To an extent it all comes together at the end, though a fair amount is left unexplained. There's no doubt that reading this book is an experience you will remember. Whether you will enjoy it or not, I'm not sure. Several weeks after reading it, I still can't decide whether or not to go onto the other books in the trilogy - there's a kind of 'Want to read on, despite yourself' feeling as you go through the book, and this urges me to continue to the next volume. But it's the same kind of appeal of picking a scab. Might be best not to.
Masterly writer. This is just phenomenally good literature. The fact it is written around an alleged science fiction theme is almost irrelevant.
M.John Harrison is one of the best wordsmiths of the current age..
I urge everyone who loves the English language to read all his books both the novels and the shirt story collections.
Having said that, the characters are troubling. Humans craving to surrender their bodies to merge with quantum infinities, clones, holograms, virtual projections, artificially created lifeforms, all questing to be human, to have a real body. Yet a relative immateriality doesn't seem to prevent any of them having sex, which happens a lot. Some of them are trying to fill their personal psychological voids, some seek after love and others just wish to have a physical sensation. So in part the book is an exploration of the struggle to be human.
The book is described as space opera, a genre label I've never understood the meaning of to be honest. The space bit I get and accede as far as this book is concerned. But operatic too me suggests not only a wide sweep, which again this book effortlessly meets, but a heightened sense of emotion. Now while Harrison deals with emotion a plenty as suggested in the characters' various quests for identity and to take the form of something other than themselves, the emotional pitch is a curiously flat one. This is largely because even though Harrison's builds an immense universe, most of these characters seem to be each other in various guises, so that the total population seems only to be about five people. A character has a single emotional register in one guise, yearns to be be something different and then achieves it either by taking on a new persona and physicality, or in death. And that's that, easy peasy lemony squeezy...
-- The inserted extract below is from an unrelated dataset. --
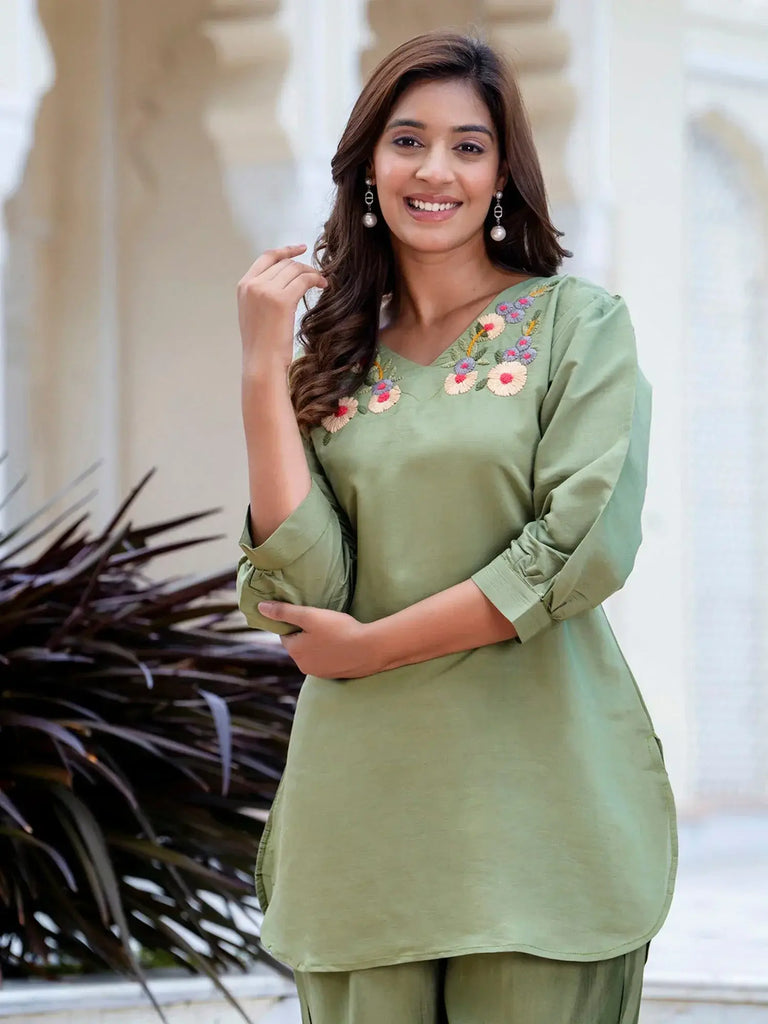 Regal Pista Green Hand Embroidered Silk Blend Co - ord Set - Ethnic Plus In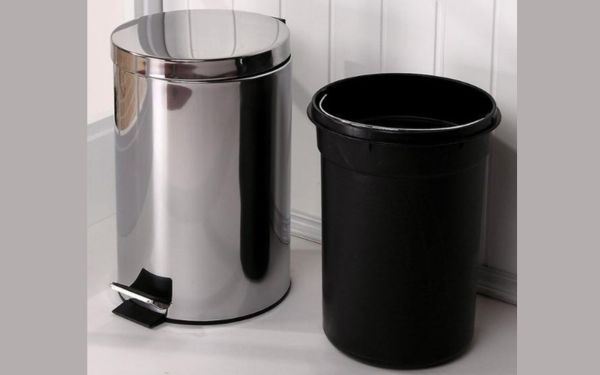 Nên chọn các mẫu thùng rác cho phòng khách tiện lợi khi vệ sinh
Moving between two temporal eras, our own and a far future one, yet the characters are all brought together by the end and their links to one another revealed, in a rather unsatisfying manner to my mind. For a book about quantum probabilities and improbablities, the narrative structure was too hidebound to facilitate this I felt.
There are some fine writing and insights to be gleaned from this book: "Every so often her eyes went across tate with the calm contempt of one neurotic for another", but the sum of the parts add up to considerably less than the whole.